Integrate the noise free frame, adding the corresponding noise.

Parameters:

Name Type Description Default
input_frame ndarray

The noise-free frame to integrate.

required
input_photons int

The number of photons received in the current sampling time.

required

Returns:

Type Description
ndarray or None

The integrated frame with noise added, when the integration time is completed. If None, the integration is ongoing.

Source code in SAOS/Detector.py
def integrate(self, input_frame, input_photons):
    """
    Integrate the noise free frame, adding the corresponding noise.

    Parameters
    ----------
    input_frame : np.ndarray
        The noise-free frame to integrate.
    input_photons : int
        The number of photons received in the current sampling time.

    Returns
    -------
    np.ndarray or None
        The integrated frame with noise added, when the integration time is completed. 
        If None, the integration is ongoing.
    """

    # Integrate
    if self.noiseFlag:
        # Get the noisy frame
        frame = self.readout(input_frame, input_photons)
    else:
        frame = input_frame

    return frame

readout

readout(input_frame, photons)

Simulate the readout process of the detector including noises and quantification.

Parameters:

Name Type Description Default
input_frame ndarray

The noise-free input frame.

required
photons int or float

Number of incident photons.

required

Returns:

Type Description
ndarray

The simulated quantized and saturated frame.
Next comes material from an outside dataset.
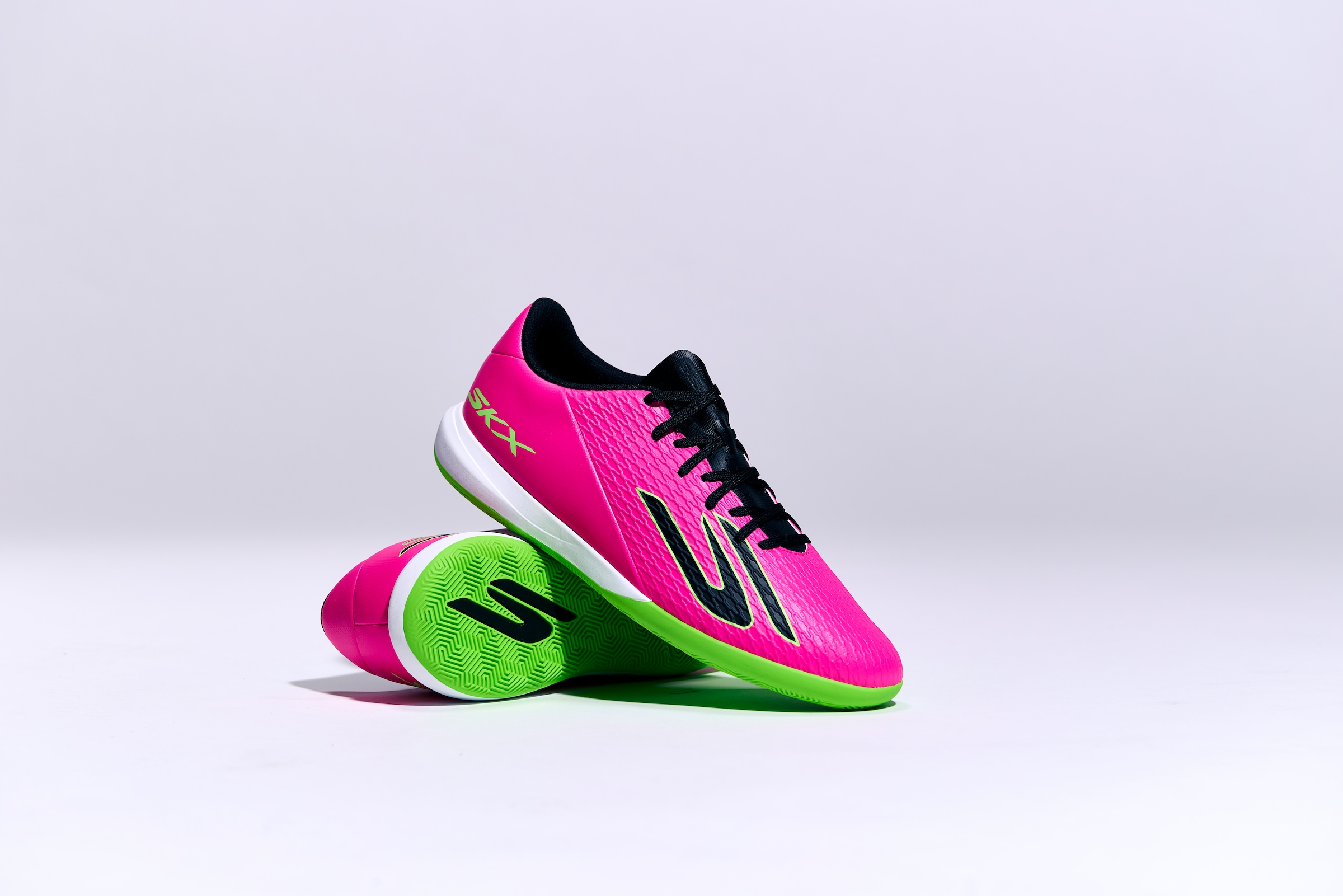 Skechers Chaussure de football »CLUB IC, Go Soccer Mens, Skechers Skx_2 Club Ic«  chaussure de football en salle avec amorti léger Skechers Move Foam™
Source code in SAOS/Detector.py
def readout(self, input_frame, photons):
    """
    Simulate the readout process of the detector including noises and quantification.

    Parameters
    ----------
    input_frame : np.ndarray
        The noise-free input frame.
    photons : int or float
        Number of incident photons.

    Returns
    -------
    np.ndarray
        The simulated quantized and saturated frame.
    """

    # 1: Normalize energy in the frame to 1
    energy = np.sum(input_frame)
    norm_frame = input_frame.copy()
    if energy > 0:
        norm_frame /= np.sum(input_frame)

    # 2: Scale by the number of photons
    photons_frame = np.round(norm_frame * photons) # [photons]

    # 3: Photon noise
    if self.shotNoise:
        photon_noisy_frame = self.randomGenerator.poisson(photons_frame) # [photons]
    else:
        photon_noisy_frame = photons_frame

    # 4: Convert from photons to electrons

    electron_noisy_frame = self.quantumEfficiency * photon_noisy_frame # [e-]

    # 5: Dark current noise
    dark_current_map = np.ones_like(input_frame) * self.darkCurrent * self.integrationTime
    electron_noisy_frame += self.randomGenerator.poisson(dark_current_map) # [e-]

    # 6: Saturate

    if electron_noisy_frame.max() > self.fullWellCapacity:
        self.logger.warning('Detector::readout - The sensor is saturating.')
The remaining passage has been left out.